* _Exercise instructions_
Looking at the data below, count the lines that contain the string "Leather". Write only the total.

Saved data entries
▼
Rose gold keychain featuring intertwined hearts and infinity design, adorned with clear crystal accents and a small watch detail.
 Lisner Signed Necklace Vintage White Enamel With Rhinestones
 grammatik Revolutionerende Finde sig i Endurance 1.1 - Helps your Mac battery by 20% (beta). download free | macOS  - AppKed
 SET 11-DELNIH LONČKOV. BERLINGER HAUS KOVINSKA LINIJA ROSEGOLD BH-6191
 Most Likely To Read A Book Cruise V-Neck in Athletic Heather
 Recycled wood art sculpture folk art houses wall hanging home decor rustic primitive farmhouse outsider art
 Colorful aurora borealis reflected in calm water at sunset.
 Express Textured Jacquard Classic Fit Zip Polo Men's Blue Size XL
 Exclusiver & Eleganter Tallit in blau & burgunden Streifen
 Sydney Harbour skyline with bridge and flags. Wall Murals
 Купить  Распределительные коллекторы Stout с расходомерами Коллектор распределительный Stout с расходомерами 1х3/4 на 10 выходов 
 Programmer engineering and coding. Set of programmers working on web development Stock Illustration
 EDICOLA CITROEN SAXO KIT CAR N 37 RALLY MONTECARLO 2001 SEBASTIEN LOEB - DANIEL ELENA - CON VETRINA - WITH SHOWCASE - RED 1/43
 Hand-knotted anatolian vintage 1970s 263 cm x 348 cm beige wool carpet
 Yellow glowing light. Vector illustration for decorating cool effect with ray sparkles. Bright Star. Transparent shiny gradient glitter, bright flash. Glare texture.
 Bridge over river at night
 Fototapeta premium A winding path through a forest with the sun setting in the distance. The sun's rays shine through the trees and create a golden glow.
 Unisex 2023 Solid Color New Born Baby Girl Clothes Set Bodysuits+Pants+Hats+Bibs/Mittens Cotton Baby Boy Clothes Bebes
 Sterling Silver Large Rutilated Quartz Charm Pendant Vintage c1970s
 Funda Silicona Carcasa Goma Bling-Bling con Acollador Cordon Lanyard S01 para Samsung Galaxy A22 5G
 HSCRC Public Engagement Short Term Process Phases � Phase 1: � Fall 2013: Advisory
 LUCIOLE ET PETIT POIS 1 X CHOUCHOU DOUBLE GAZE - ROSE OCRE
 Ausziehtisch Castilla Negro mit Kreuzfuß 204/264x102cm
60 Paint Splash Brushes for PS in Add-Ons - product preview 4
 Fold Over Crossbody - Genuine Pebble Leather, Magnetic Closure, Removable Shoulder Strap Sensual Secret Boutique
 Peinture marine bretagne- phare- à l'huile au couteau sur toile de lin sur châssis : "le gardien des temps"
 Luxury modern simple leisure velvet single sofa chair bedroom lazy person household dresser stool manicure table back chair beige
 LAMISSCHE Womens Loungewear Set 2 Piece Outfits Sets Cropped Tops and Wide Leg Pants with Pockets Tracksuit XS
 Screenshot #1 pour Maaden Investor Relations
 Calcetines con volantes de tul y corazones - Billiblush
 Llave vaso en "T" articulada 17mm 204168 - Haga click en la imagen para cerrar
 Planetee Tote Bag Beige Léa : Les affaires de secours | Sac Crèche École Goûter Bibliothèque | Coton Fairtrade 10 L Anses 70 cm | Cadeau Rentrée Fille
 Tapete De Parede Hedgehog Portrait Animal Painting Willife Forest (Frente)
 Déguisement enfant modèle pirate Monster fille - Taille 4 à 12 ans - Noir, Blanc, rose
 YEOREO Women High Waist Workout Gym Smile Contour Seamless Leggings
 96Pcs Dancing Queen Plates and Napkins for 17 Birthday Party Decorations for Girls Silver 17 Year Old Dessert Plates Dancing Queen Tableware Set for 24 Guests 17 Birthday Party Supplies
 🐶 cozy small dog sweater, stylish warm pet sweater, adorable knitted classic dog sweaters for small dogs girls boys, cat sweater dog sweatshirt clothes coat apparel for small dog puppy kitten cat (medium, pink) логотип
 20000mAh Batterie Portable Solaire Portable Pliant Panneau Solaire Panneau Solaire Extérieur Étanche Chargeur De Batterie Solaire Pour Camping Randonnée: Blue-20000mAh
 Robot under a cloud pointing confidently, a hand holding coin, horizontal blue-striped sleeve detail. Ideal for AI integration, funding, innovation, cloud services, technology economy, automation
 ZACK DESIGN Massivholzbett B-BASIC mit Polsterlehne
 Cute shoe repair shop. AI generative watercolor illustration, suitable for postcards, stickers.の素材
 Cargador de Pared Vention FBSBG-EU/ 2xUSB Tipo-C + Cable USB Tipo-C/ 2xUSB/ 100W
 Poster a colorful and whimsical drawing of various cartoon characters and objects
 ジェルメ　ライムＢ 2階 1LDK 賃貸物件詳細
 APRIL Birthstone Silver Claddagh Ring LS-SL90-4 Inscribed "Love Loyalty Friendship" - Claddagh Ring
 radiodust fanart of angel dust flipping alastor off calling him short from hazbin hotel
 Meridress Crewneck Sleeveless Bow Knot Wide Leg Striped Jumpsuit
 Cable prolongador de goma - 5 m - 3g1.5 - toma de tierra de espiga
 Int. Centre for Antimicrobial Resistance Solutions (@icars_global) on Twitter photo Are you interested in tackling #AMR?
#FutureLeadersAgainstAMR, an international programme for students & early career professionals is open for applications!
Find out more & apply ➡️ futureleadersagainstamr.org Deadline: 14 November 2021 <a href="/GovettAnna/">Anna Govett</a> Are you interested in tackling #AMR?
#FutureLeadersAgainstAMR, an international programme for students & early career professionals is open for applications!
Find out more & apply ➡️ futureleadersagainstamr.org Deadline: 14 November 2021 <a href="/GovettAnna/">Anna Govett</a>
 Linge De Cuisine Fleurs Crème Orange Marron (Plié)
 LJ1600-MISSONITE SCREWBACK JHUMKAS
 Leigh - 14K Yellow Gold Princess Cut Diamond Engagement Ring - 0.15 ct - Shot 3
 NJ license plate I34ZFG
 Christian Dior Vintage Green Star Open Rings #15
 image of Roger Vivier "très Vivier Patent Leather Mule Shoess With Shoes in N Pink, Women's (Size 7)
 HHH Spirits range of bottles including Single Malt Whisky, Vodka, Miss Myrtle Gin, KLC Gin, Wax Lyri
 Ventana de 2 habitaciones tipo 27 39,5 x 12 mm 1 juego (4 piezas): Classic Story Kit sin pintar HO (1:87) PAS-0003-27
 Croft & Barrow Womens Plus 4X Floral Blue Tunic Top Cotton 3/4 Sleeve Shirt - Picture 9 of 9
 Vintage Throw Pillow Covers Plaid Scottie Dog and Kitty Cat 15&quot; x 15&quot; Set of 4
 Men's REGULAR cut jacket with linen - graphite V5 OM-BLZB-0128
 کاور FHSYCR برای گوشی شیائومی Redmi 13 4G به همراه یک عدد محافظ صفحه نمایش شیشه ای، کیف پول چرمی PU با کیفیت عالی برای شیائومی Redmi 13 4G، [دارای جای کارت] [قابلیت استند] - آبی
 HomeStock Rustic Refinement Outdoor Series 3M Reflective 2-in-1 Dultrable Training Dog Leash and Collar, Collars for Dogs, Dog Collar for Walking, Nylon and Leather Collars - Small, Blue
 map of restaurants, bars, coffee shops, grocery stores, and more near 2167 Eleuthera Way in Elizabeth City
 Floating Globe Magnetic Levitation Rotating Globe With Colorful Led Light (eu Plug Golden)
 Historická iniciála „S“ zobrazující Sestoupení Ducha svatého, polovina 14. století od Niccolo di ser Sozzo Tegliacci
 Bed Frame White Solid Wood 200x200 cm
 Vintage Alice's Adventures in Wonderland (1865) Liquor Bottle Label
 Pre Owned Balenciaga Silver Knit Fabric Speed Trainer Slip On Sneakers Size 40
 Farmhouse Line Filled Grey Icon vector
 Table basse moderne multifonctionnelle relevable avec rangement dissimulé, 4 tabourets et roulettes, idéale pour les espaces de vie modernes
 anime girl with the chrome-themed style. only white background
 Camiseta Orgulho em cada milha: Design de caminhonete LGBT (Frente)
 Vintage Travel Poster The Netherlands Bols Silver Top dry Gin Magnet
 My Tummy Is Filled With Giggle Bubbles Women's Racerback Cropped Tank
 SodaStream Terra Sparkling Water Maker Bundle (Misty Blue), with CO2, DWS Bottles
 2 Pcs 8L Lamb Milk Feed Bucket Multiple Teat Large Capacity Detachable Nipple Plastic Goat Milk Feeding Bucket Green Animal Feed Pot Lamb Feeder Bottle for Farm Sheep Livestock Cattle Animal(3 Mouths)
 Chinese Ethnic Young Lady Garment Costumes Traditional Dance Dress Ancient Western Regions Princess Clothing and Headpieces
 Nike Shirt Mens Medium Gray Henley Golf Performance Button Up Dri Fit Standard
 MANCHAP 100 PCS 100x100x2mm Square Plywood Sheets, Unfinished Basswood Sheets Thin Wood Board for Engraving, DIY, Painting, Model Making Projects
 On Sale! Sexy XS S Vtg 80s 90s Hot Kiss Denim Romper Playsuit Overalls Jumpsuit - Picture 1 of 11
▲
* _Written solution_
3